**Data supplied:**
■ ■ ■ ■ ■

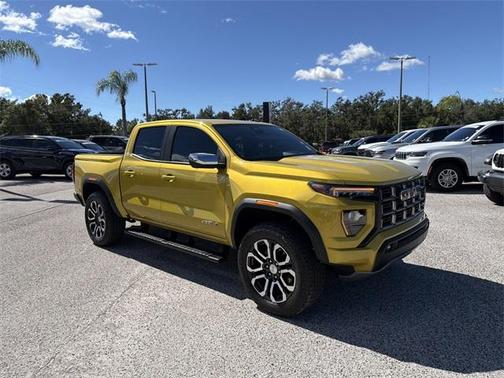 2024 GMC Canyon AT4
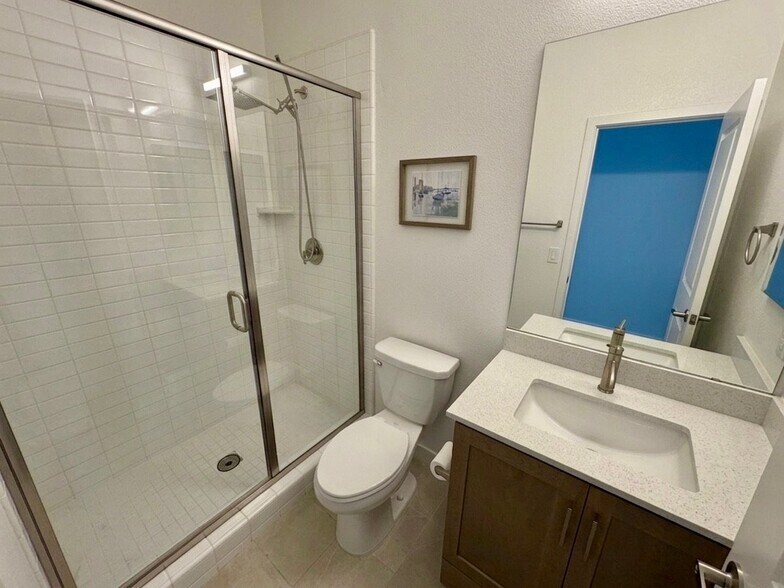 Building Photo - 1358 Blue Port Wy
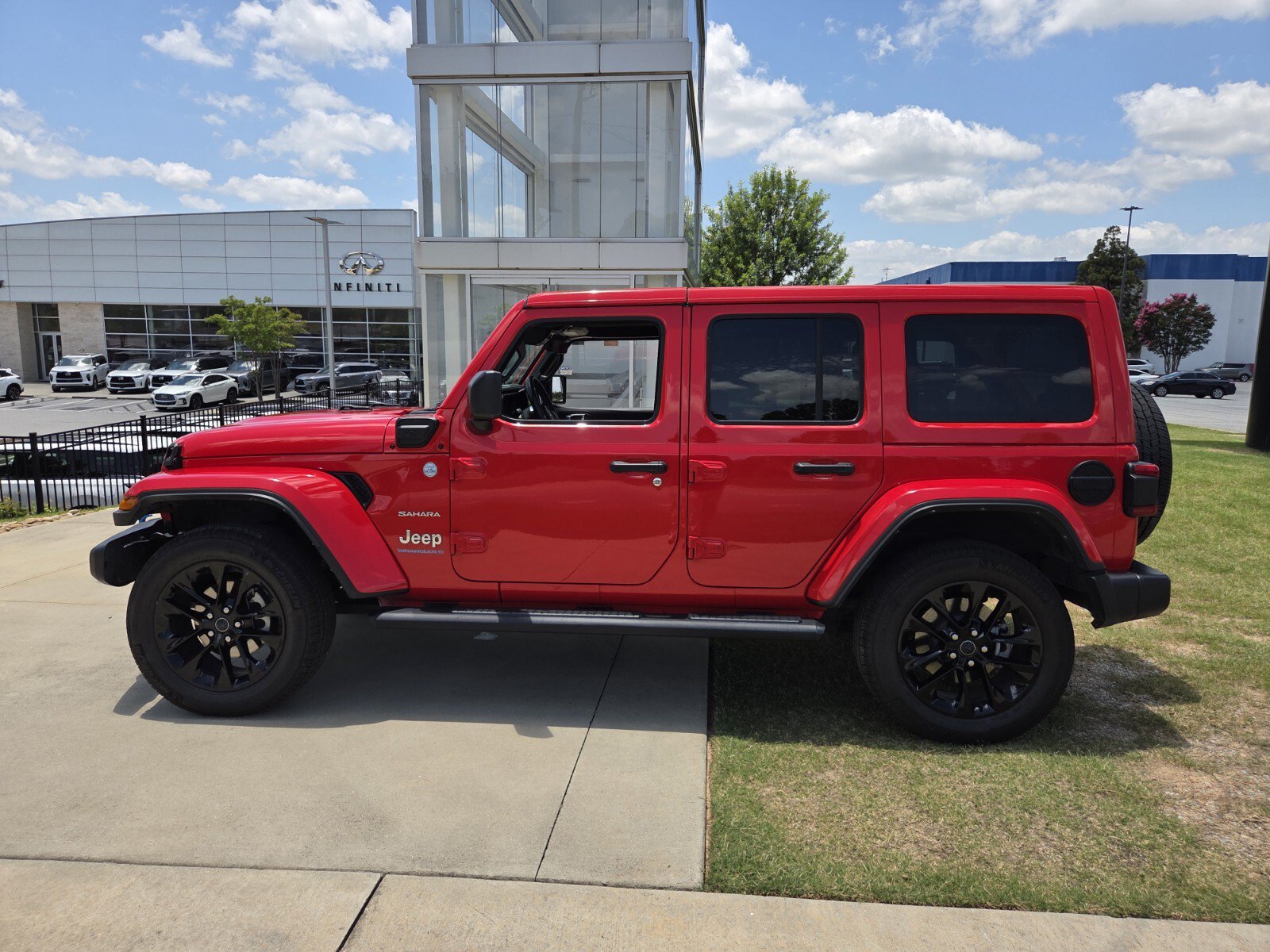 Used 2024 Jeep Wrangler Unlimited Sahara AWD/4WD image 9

■ ■ ■ ■ ■

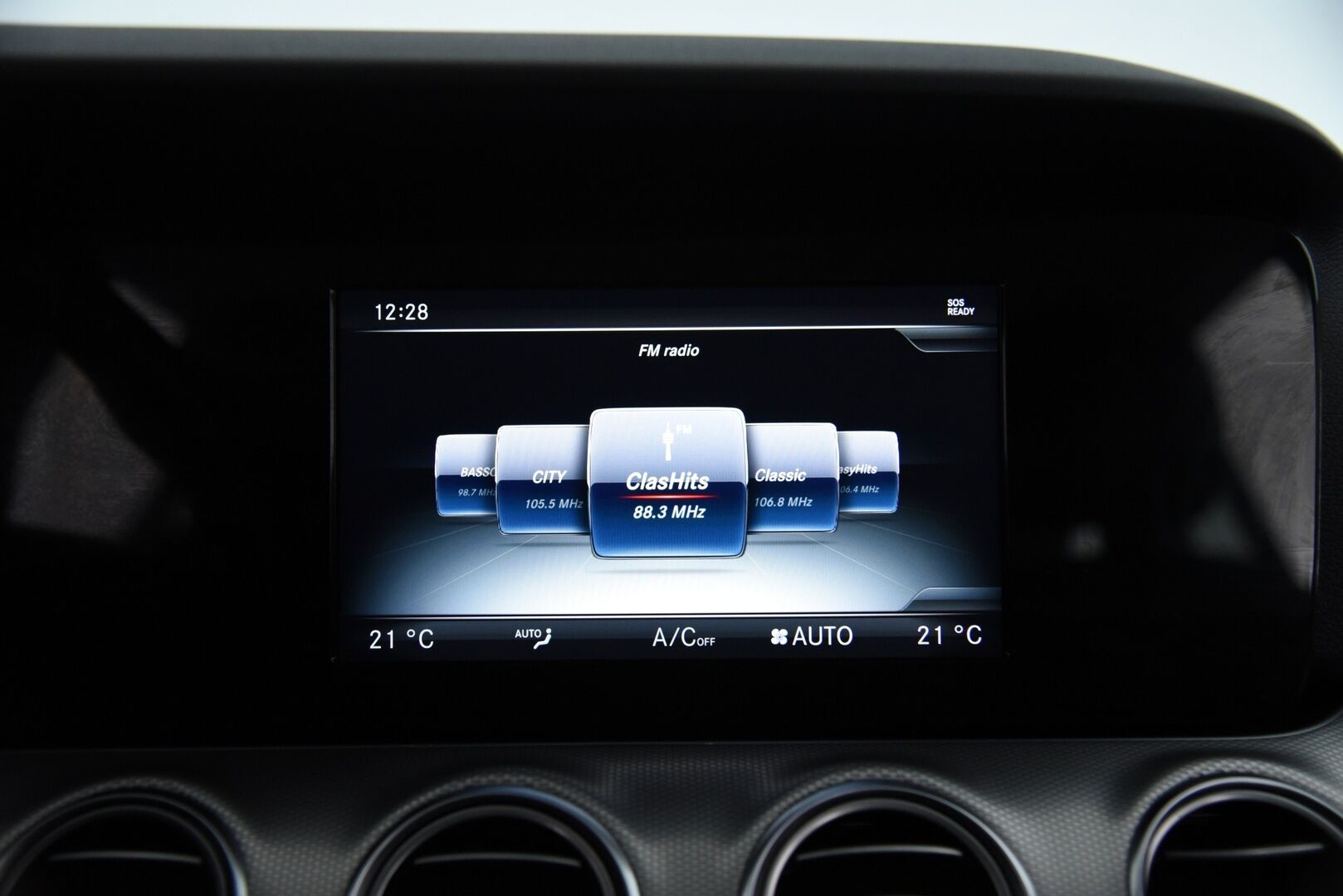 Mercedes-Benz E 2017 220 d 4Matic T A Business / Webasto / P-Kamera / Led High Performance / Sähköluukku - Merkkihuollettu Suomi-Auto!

■ ■ ■ ■ ■

**Task:**
Within the listing above, the lines from the one with "2024 GMC Canyon AT4" through the one with "Used 2024 Jeep" are to be given again word for word. Do not include pictures.

**Solution to this problem:**
 2024 GMC Canyon AT4
 Building Photo - 1358 Blue Port Wy
 Used 2024 Jeep Wrangler Unlimited Sahara AWD/4WD image 9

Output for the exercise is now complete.